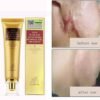 Crème anti-cicatrices régénératrice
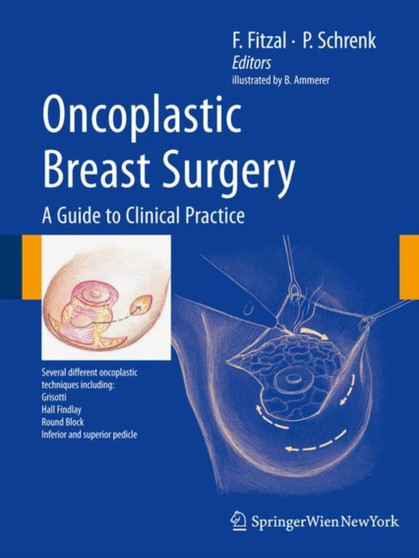 Oncoplastic Breast Surgery by Bernard Ammerer - Hardback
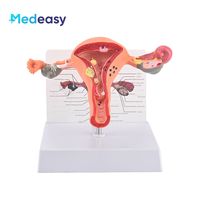 Modelo de anatomía del útero y ovario femenino Medeasy, modelo de útero normal y con enfermedades, con base desmontable para la enseñanza de enfermería médica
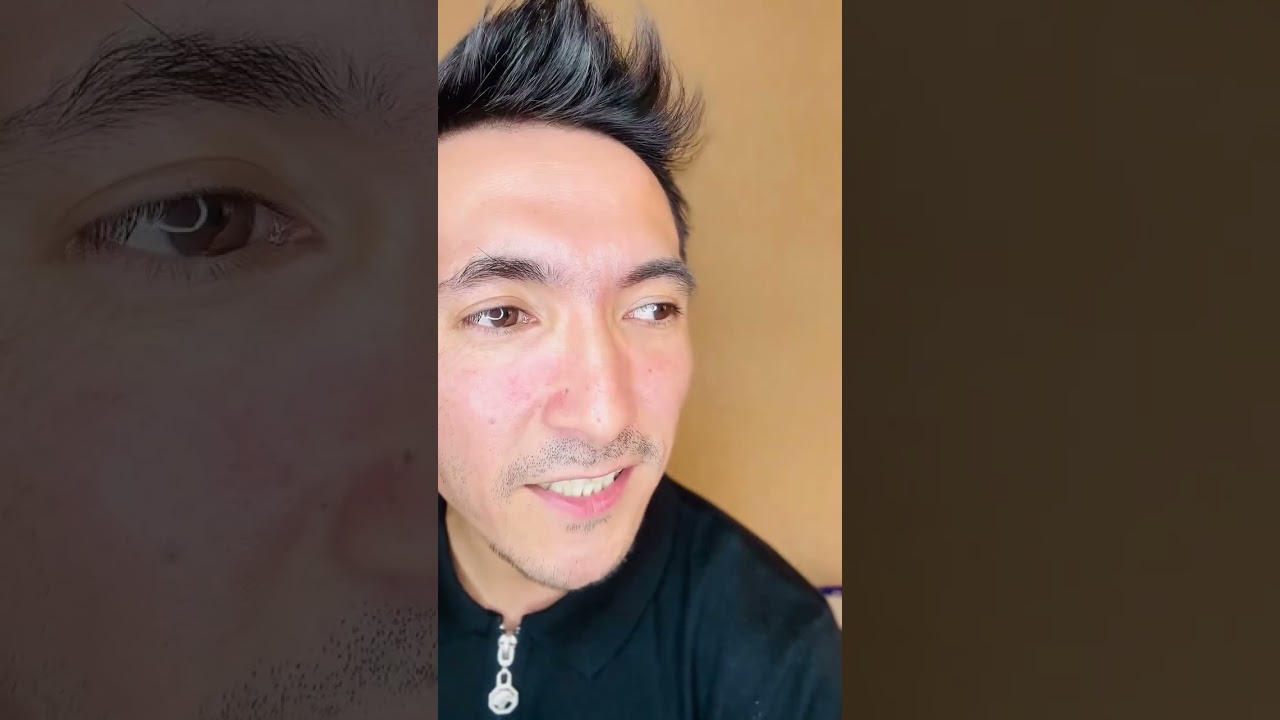 😫 Prank qilishdi. Ko'rmasez bo'midi#massage #news #osteopathy #prank #news #reabitolog #shortvideo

**Task requirements:** With the pictures left out, copy exactly the lines from the one containing "Modelo de anatomía" through the last line of the data.

**Solved exercise:**
 Modelo de anatomía del útero y ovario femenino Medeasy, modelo de útero normal y con enfermedades, con base desmontable para la enseñanza de enfermería médica
 😫 Prank qilishdi. Ko'rmasez bo'midi#massage #news #osteopathy #prank #news #reabitolog #shortvideo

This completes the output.